Aug 27, 2008

Soedjatmoko


Kesadaran Historis dan Ahistoris

Kesadaran historis itu harus dibedakan dengan kesadaran ahistoris dalam konteks membangun masyarakat

Hal pertama yang harus dilihat adalah bahwa Soedjatmoko senantiasa menaruh segala pemikirannya di dalam ranah otonomi dan kebebasan. Hal inilah yang akan menjadi titik tolak bagi kita ketika membahas kesadaran historis manusia di dalam membangun masyarakat yang terlebih dahulu haruslah dibedakan dengan kesadaran ahistoris. Pentingnya pembedaan dua kesadaran itu adalah karena pertama-tama merusak dan bahkan mengaburkan arti otonomi dan kebebasan setiap orang. Di sini, Soedjatmoko merasa bahwa kesadaran ahistoris mengancam dua unsur penting dalam diri manusia itu sendiri; otonomi dan kebebasannya.

Membatasi kebebasan berpikir
Menjadi suatu kecenderungan yang sangat jelas bahwa kesadaran ahistoris memiliki suatu kecenderungan yang kurang baik bagi kebebasan berpikir manusia, bahkan bertendensi destruktif pada pola pikir manusia yang nantinya juga akan merembet terus ke dalam hal praktis kesehariannya.
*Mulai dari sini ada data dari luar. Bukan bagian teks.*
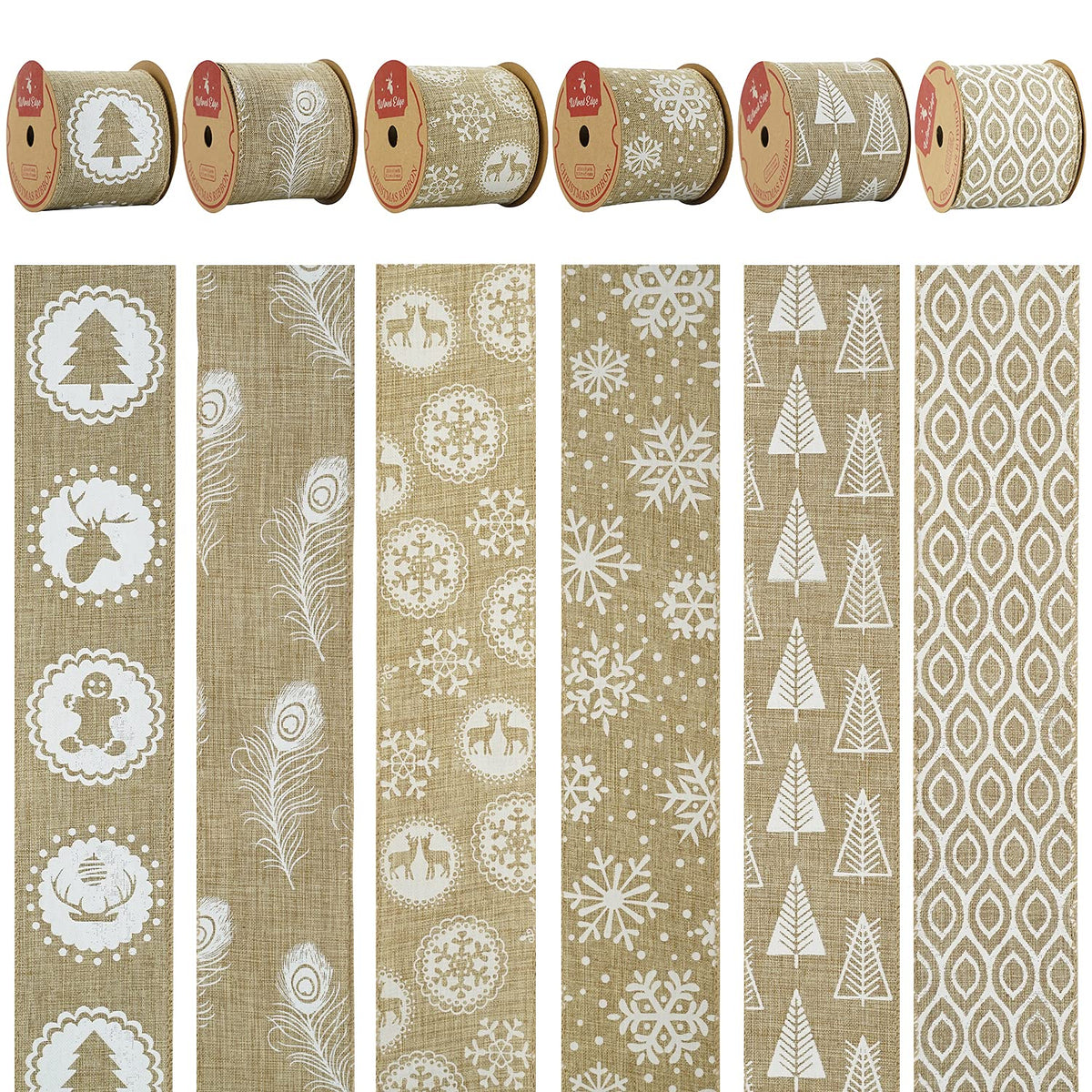 MEEDEE Burlap & White Print Ribbon - Wired Burlap Ribbon, 2.5 Inch, 6 Rolls, 36 Yards - Christmas Tree & Wreath Decorations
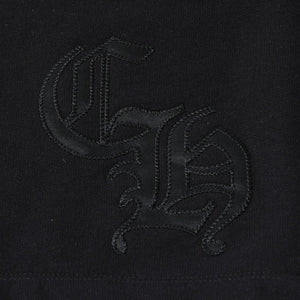 新品未使用 CHROME HEARTS クロムハーツ 25SS ロゴ スウェットショーツ ショートパンツ U.S.A製 コットン ブラック サイズM 中古 4a006534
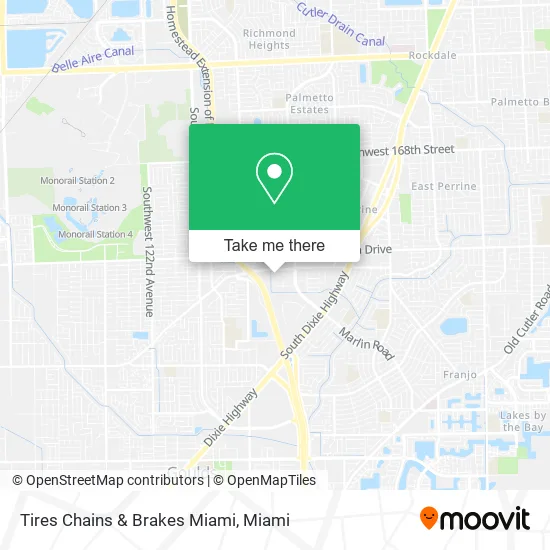 Tires Chains & Brakes Miami map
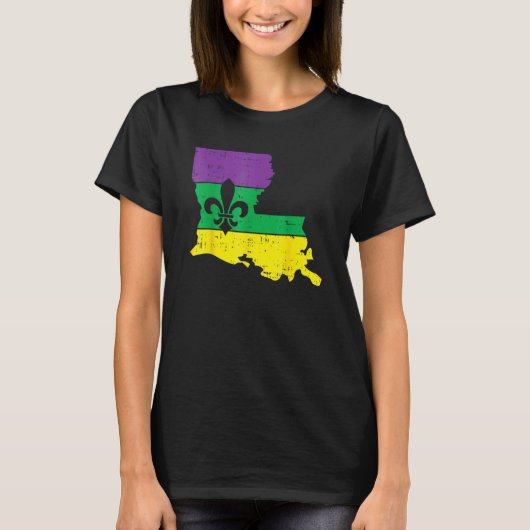 New Orleans Louisiana Map Jester Funny Mardi Gras  Tシャツ (正面)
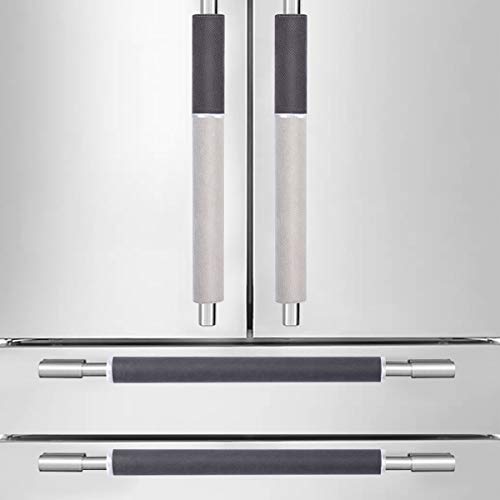 MRKG Refrigerator Door Handle Covers, Set of 4, Washable Without Fading or Cracking, Keep Your Kitchen Appliance Clean from Smudges, Drips, Food Stains, Oil. (Black, Grey)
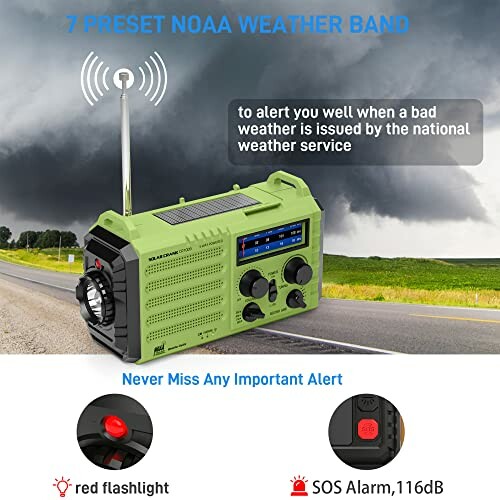 Emergency weather radio with NOAA alerts and SOS alarm.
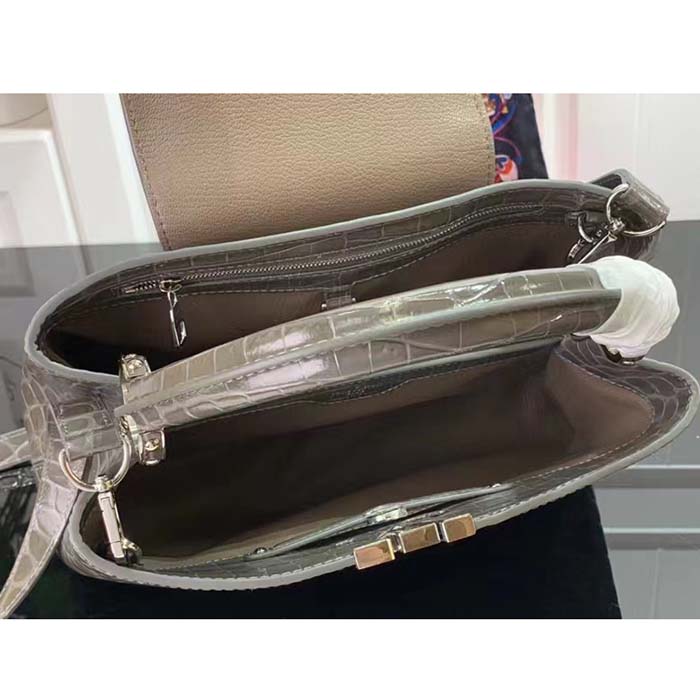 Louis Vuitton LV Women Capucines MM Handbag Grey Crocodilien Brillant Savoir Faire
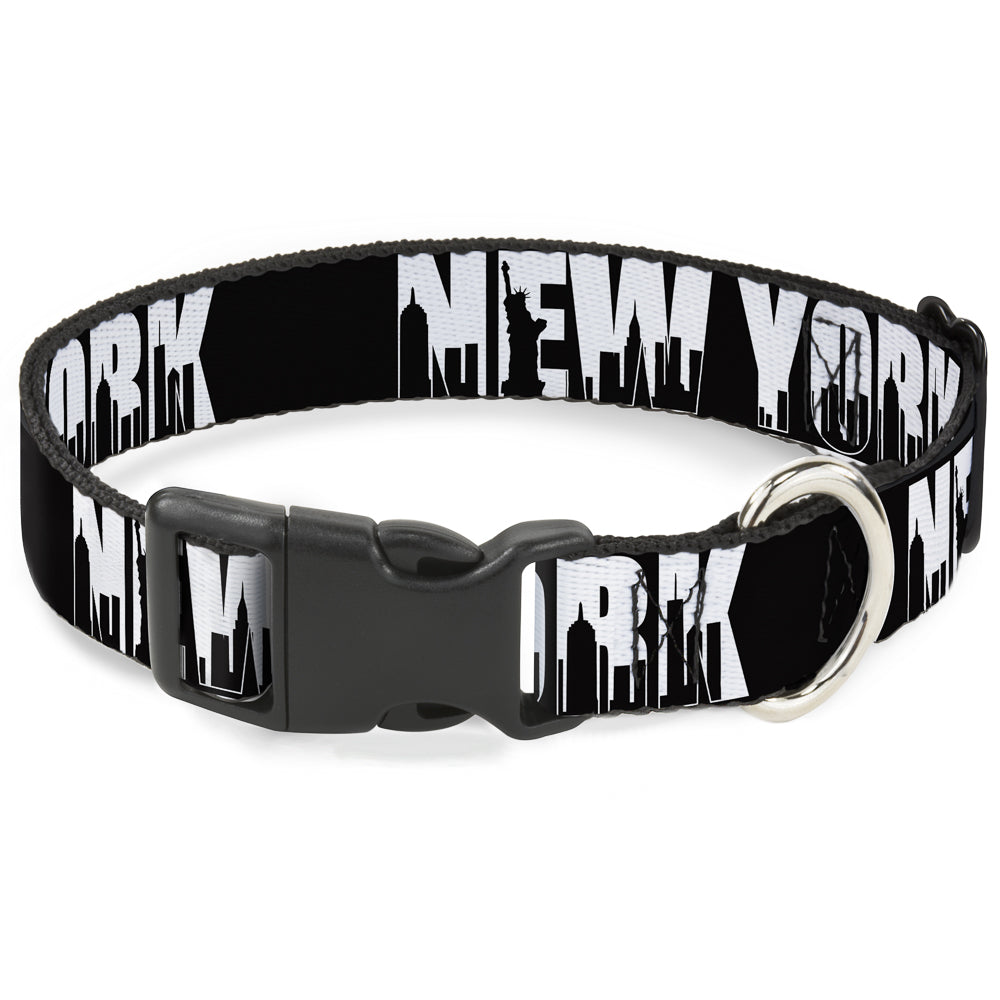 Plastic Clip Collar - NEW YORK Bold/Skyline Silhouette Black/White/Black Plastic Clip Collars Buckle-Down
Dan disinilah terjadi permasalahan karena kesadaran menjadi dasar dari semua hal yang dilakukan setiap orang, yang memiliki andil di dalam membangun masyarakat secara lebih luas itu sendiri.
Pemahaman kesadaran ahistoris di sini bukanlah sekadar berkaitan dengan sejarah saja yang dilakukan, dialami dan ditentukan oleh setiap orang, tetapi lebih pada akan apa yang terjadi di dalamnya serta perkembangan apa saja yang ada dan bahkan berkaitan juga dengan benturan-benturan dalam kesadaran setiap orang tersebut yang semakin terbuka dengan kemajuan jaman, terlebih dalam hal ilmu pengetahuan dan teknologi.
Hal yang cukup jelas dapat terlihat di dalam pola pikir masyarakat pra-modern atau dengan kebudayaan mistik yang bahkan sampai saat ini masih tetap ada dan terus terlestarikan oleh sebab konstruksi sosial kultural masyarakat tersebut yang, entah itu tidak berani melepaskannya atau bahkan dengan sendirinya masyarakat tidak mau untuk meninggalkan pola pikir akan kesadaran tersebut. Contoh yang nyata ada dalam masyarakat adalah begitu terpakunya pada mistik dalam pembangunan itu sendiri; untuk membangun sarana, infrastruktur haruslah disesuaikan dulu dengan, entah itu wejangan memek moyang, primbon, dll. Demikian juga dengan pengambilan-pengambilan keputusan yang begitu kentalnya dipengaruhi dengan nudaya mistik itu sendiri sehingga sedikit dan bahkan cenderung meninggalkan asas logis dan sistematis yang sebenarnya mutlak diperlukan.
Hal seperti inilah yang bagi sudjatmoko sebagai sebuah kesadaran ahistoris yang haruslah benar-benar dibedakan dan bahkan dibuang jauh-jauh dalam kesadaran yang ada dalam masyrakat. Mengapa? Sekali lagi kita harus kembali pada kata kebebasan dan otonomi tiap individu tersebut. Di sini, otonomi dan kebebasan menjadi semakin tersingkir oleh segala hal itu tadi. Individu terkukung, terkontaminasi dan bahkan tersingkirkan oleh kesadaran a-historis tersebut dalam menentukan dirinya sendiri.
Dan hal inilah yang bagi sudjatmoko akan merusak pembangunan manusia itu sendiri, tidak hanya dalam segala hal praktisnya seperti pembangunan fisik, pembangunan ekonomi tetapi juga termasuk di dalamnya adalah pembangunan manusia itu sendiri atas otonomi dan kebebasannya untuk menentukan dirinya sendiri tanpa dikukung oleh hal-hal a-historis seperti mistis.
Pembedaan ini mengarahkan manusia untuk melihat secara lebih gamblang bahwa segala pembangunan itu merupakan sekali lagi mutlak historis dalam artian bahwa sejalan dengan perkembangan ilmu dan pengetahuan manusia itu sendiri; dalam hal ini dapat dilihat dari perkembanagn teknologi khususnya. Dan sekali, bukan karena segala aspek-aspek a-historis yang sungguh sebenarnya tidak membangun tetapi justru mengukung ,mengurangi dan bahkan menghilangkan kebebasan dan otonomi manusia itu snediri dalam membangun, mengisi dan menjalankan rentetan perkembangan sejarah hidupnya dari waktu yang satu ke waktu yang lain.